What we call things is intertwined with how we separate the specification into multiple documents and how we present the JSON (Schema) versus XML (Schema) representations, which we give prominence and what is deemed optional. We should consider a potential rename first because it will drive those decisions.
Here are some thoughts in no particular order.
The X in XACML doesn't really stand for XML but kind of implies it, so we swap that out (JACML) or drop it and be agnostic (ACML). The "ML" (markup language) is also a bit of a throwback to the XML world so maybe we just shorten JACML to JACL.
A question arises over the version number. JACL 4.0 and ACML 4.0 are a bit strange without there being a preceding JACL 3 or ACML 3.

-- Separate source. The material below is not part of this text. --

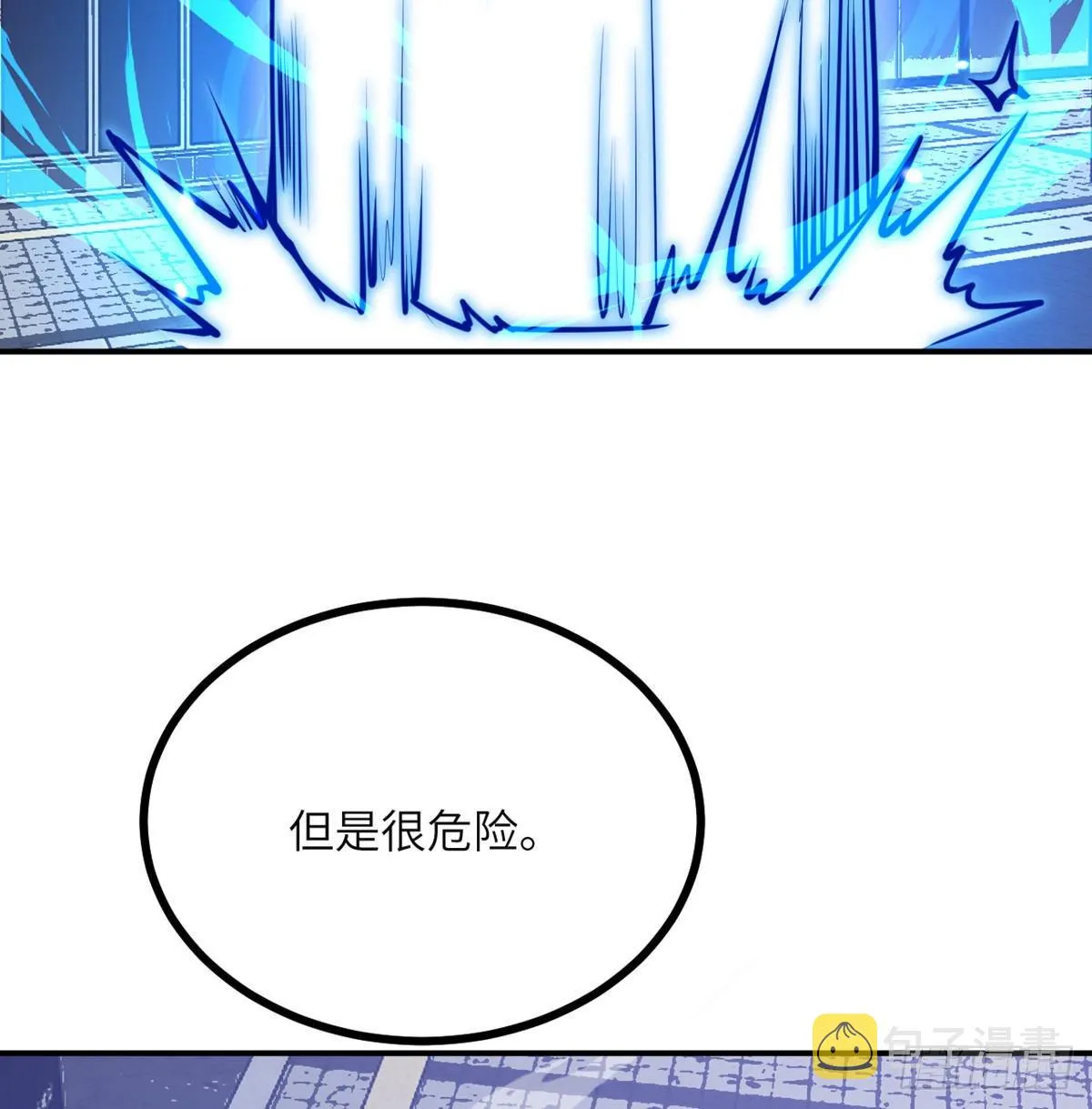 第42话 巨斧 第10页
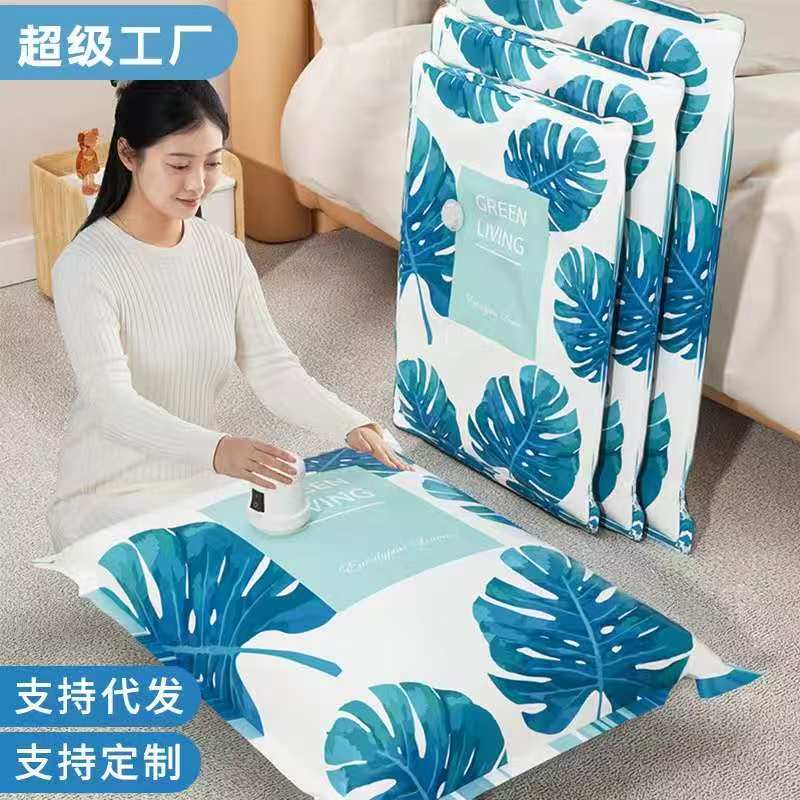 10pcs Vacuum Compression Storage Bags + Electric Pump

We could go with an overarching name (e.g., ACML 1.0) that has two representations known as JACL 1.0 and XACML 4.0, either of which could be an optional, separate profile. That solves the versioning question and indicates the continuity from XACML 3.0 to XACML 4.0.
We could name the representations relative to the overarching name, e.g., ACML-J 1.0, ACML-X 1.0 (a.k.a. XACML 4.0). Or ACML-JSON and ACML-XML.
ACML still has that "M" stuck in there, but ACL is a bit too nondescript. Perhaps we swap the X to E and drop the M: XACML -> EACL, perhaps with representations JEACL 1.0 and XACML 4.0.